Sadly, more often than not, the law of unintended consequences is invoked to explain the perverse result of a seemingly well-intentioned but less-well-considered policy or programme.
In 1985, in the waning months of the Bernard St John administration of the Labour Party, the authorities began to trumpet “deinstitutionalisation” as the new watchword of health care policy. Their presumably benign intention was to release some inmates of the state psychiatric hospital from the bondage of dependence on an institution for food, clothing and shelter.
The then Minister of Health and Social Security Senator O’Brien Trotman sought to persuade the nation of the beneficent wisdom of the new policy, which appeared to follow developments that were begun two decades before when local government authorities in the UK sought to develop community mental health teams and an increased outpatient role.
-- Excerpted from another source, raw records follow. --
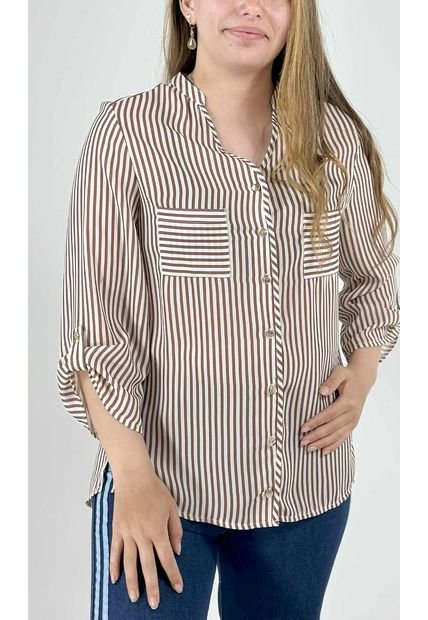 Blusa Para Mujer Manga 3/4 Cafe Marca L&H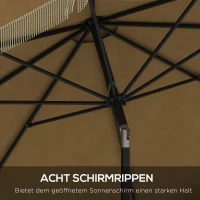 Outsunny Zonparasol met Franje Decoratie, Ø265 cm, Kantelbaar, Tweedelige Metalen Mast, Windkap, Khaki/Zwart(m-7)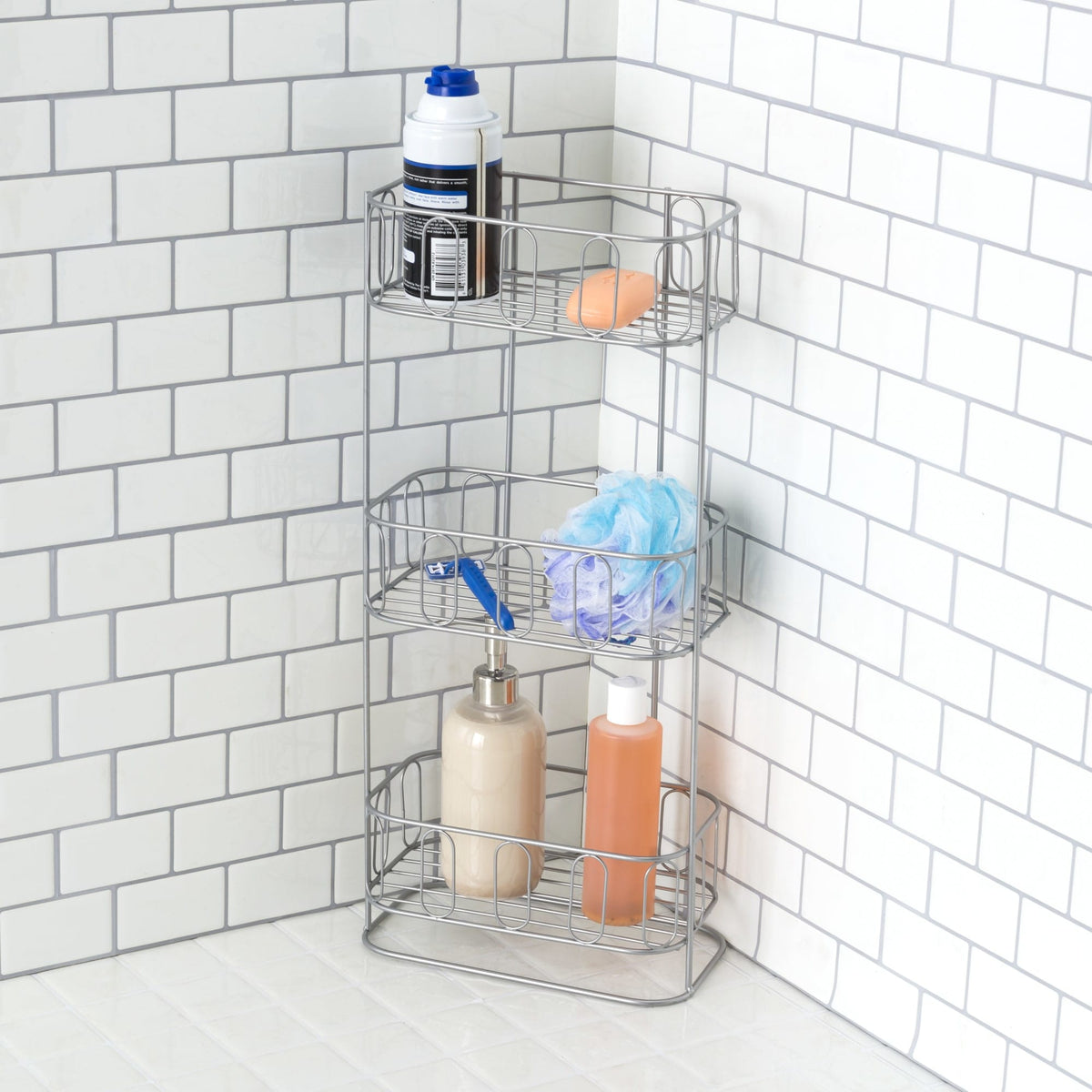 Home Basics Unity 2 Tier Shower Caddy with Bottom Hooks and Center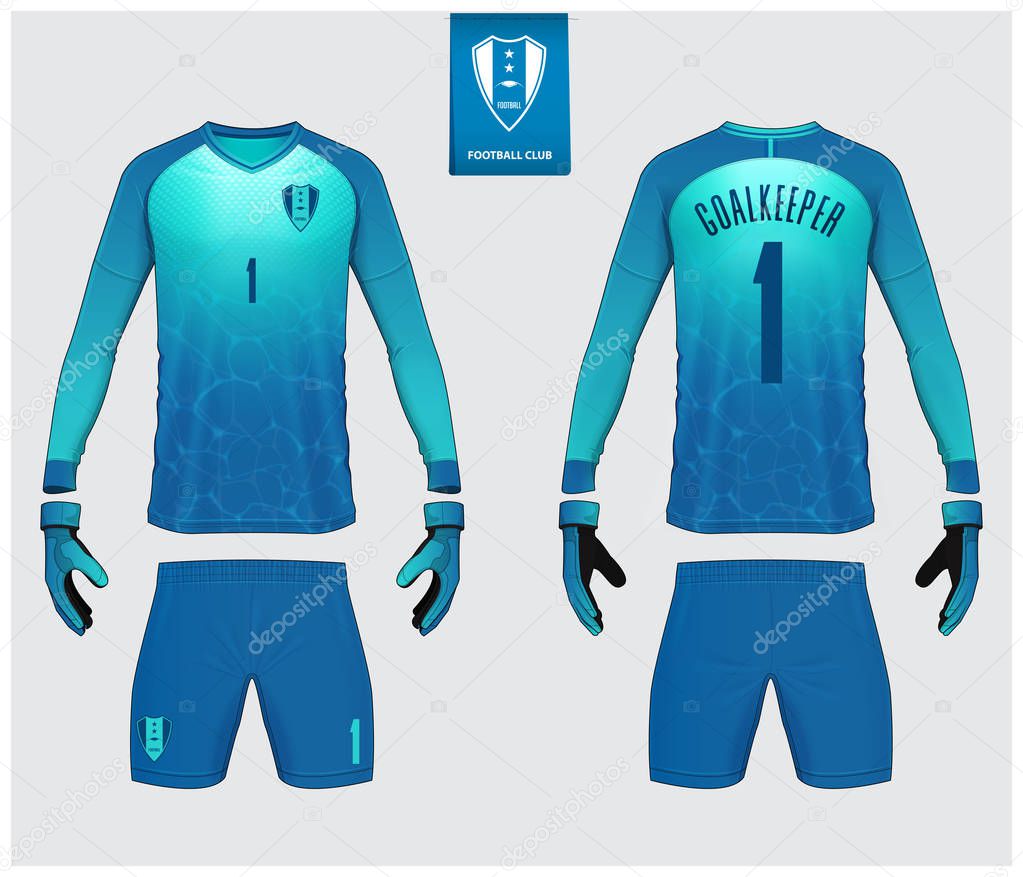 Goalkeeper jersey or soccer kit mockup. Goalkeeper glove and long sleeve jersey  template design. Sport t-shirt mock up. Front and back view soccer uniform. Flat football logo label. Vector Illustration.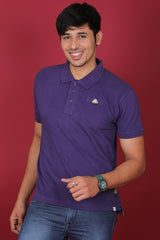 Men's Purple Core Lycra Pique Polo T-shirt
It was not intended that mental health patients who had become fixtures as chronic inmates of the Psychiatric Hospital would find themselves taking up alternative residence on the streets of the national capital by 1987.
But that indeed is what happened.
It would be easy – all too easy – to ground the alleged horrific acts of a homeless man with mental health issues solely on a 35-year-old shift in public policy. For indeed, there was no promised decentralisation of mental health care although Tamarind House, an outpatients clinic, intended primarily for the newly rising phenomenon of crack cocaine addiction, was hastily stuck onto the southeast corner of the Psychiatric Hospital.
What, however, is evinced by our shameful ignorance of, and prejudice against, the mentally ill is the stereotype of the growing numbers of people, mostly but not exclusively men, sleeping rough in Independence Square, Heroes Square and other nooks and crannies of our capital city, or pushing their earthly belongings in shopping carts, or yelling obscenities or scripture at passersby, or relieving themselves wherever they can find relief or begging for alms.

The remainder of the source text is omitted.